CS 201 SIMD Performance Assignment (A3)

This assignment requires you to write a function, using inline assembly, that takes three arbitrary-length vectors of double-precision floating point numbers a, b, and c, and perform the following operation:

for(int i = 0; i < length; ++i) {
  a[i] += b[i] * c[i];

The code above will calculate the correct result, but it performs slowly. Yours will need to be faster. Fortunately, we have hardware support for this; modern processors have a set of vector extensions called AVX2 that will allow us to perform calculations on up to four doubles at a time. In fact, AVX2 adds support for exactly this purpose through the use of the new FMA3 fused multiply-add instructions.

This repo provides skeleton code for creating random vectors and testing the performance of your code against a naïve scalar implementation like the one above.

What to Submit

Your submission should be a single file with the title submission.c. This file should contain, at minimum, a function with the following signature:

bool vector_fma(struct doubleVector * a, const struct doubleVector * b, const struct doubleVector * c)

This function should work with the provided main.c and Makefile; there is no need to write or include your own. The function also should not print output to the screen or take input from the user.

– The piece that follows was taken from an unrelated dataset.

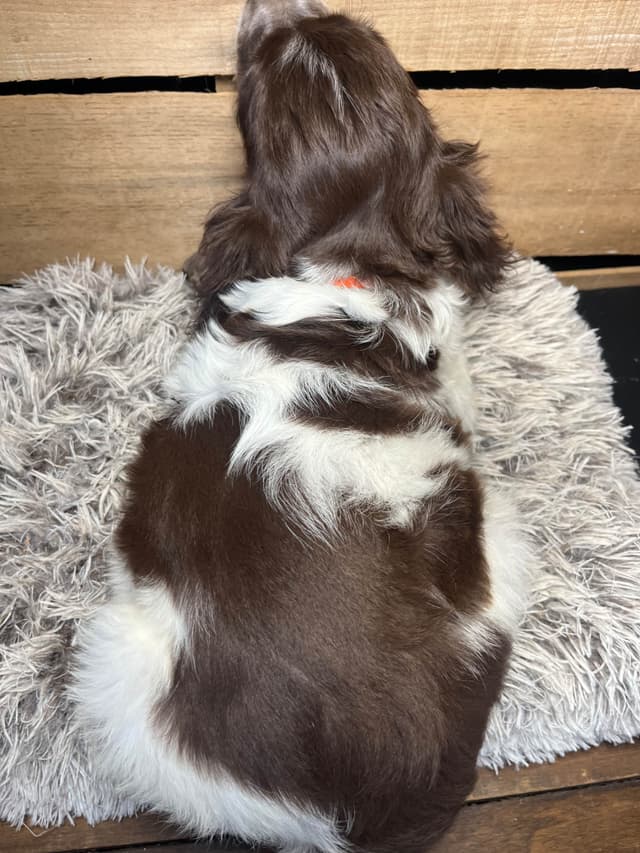Brittany Puppies media 8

The return value should indicate whether or not the computation was successful. The only case that I can think of off the top of my head that would cause this to fail is if the vectors had varying lengths.

Grading Criteria

Assignments will be evaluated based on the following criteria: Your submission should use inline assembly and vector instructions Your submission should calculate the same result as the included scalar implementation for vector sets with arbitrary (strictly positive) lengths * For a vector of length 10,000,000, your implementation should perform (at minimum) 20 times faster than the included scalar implementation.

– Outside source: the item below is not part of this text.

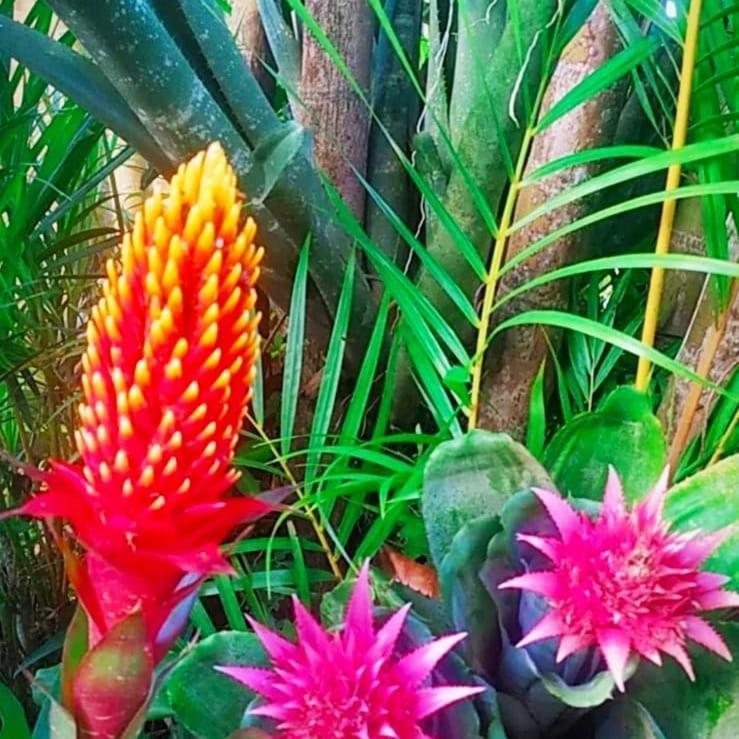 Sitio Pousada Morada Do Sol Cunha Ngoại thất bức ảnh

If you'd like to try your code against some automated tests, you may try the auto-grader code in the tests directory.

Notes and Hints

To complete this assignment, you'll need to work on a processor that supports AVX2 instructions. I would recomment, which is also where submissions will be tested.

Included in the distribution code is a file called vectors.s. This file contains a couple of assembly routines which are used to copy and compare vectors of doubles. Looking at these may be helpful, as they contain usage examples of most – if not all – of the vector instructions you need.

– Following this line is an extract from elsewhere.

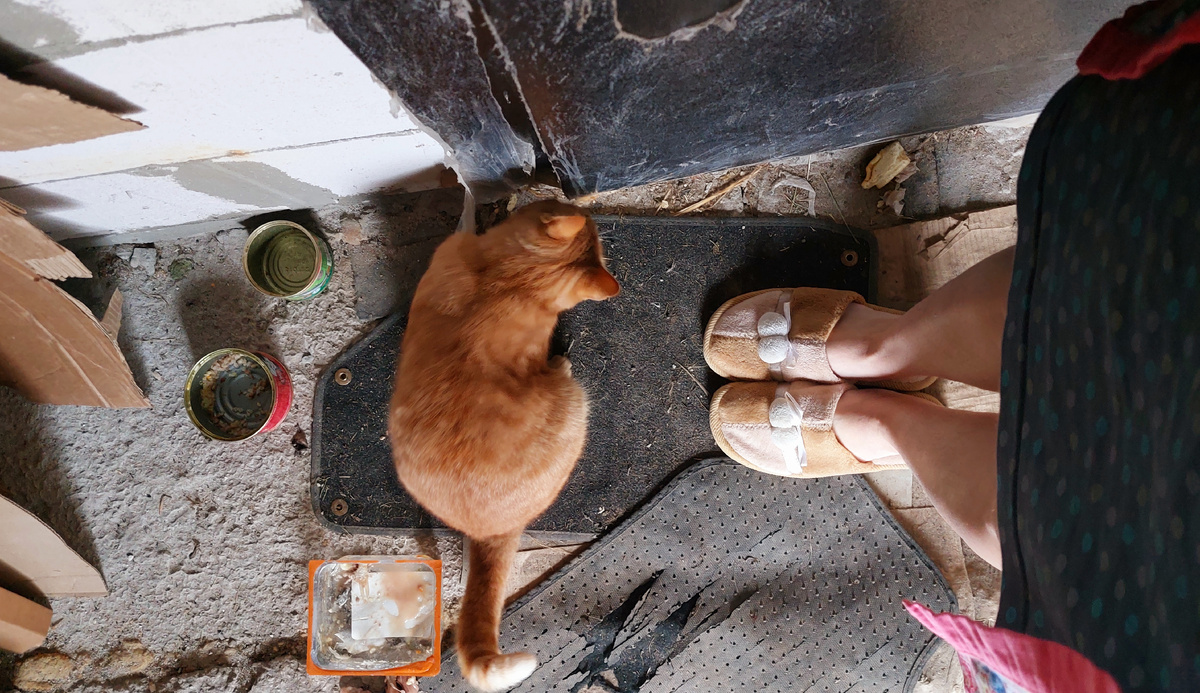 Как рыжий малыш нашёл свой дом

You may notice that the scalar implementation is also written in assembly, and uses the vfmadd132sd instruction. This is necessary because FMA instructions are actually also more precise than a separate multiplication and addition, since we only need to round once. If you're attempting to debug your code in GDB or similar by checking its results against expressions like a->data[0] + b->data[0] * c->data[0], you may notice minute differences in the smallest decimal digits; this is why.

Vector Instructions

The two vector instructions described below are minimally sufficient to complete this assignment.


vmovupd, or "Vector move unaligned packed doubles", is used to move multiple doubles at a time to or from floating-point registers. It is analogous to a regular mov instruction, and should therefore be pretty familiar. Examples of usage can be found in vectors.c.

The number of doubles is determined by the size of the source/destination registers. If we vmovupd from memory to a 128-bit register such as xmm0, we'll move two doubles; if we vmovupd to a 256-bit ymm register, we'll move four doubles.


vfmadd231pd performs a fused multiply-add operation on packed doubles. The 231 refers to the fact that in Intel syntax, this multiplies together the second and third operands and adds the product to the first.

Unfortunately, we're using AT&T syntax for our assembly, which means that our arguments are in the opposite order. Consider the following usage example:

vfmadd231pd %ymm0, %ymm1, %ymm2

This multiplies the packed doubles stored in %ymm0 and %ymm1, and adds them to the packed doubles in %ymm2. Since in AT&T syntax, the destination comes last, the result is also stored in %ymm2.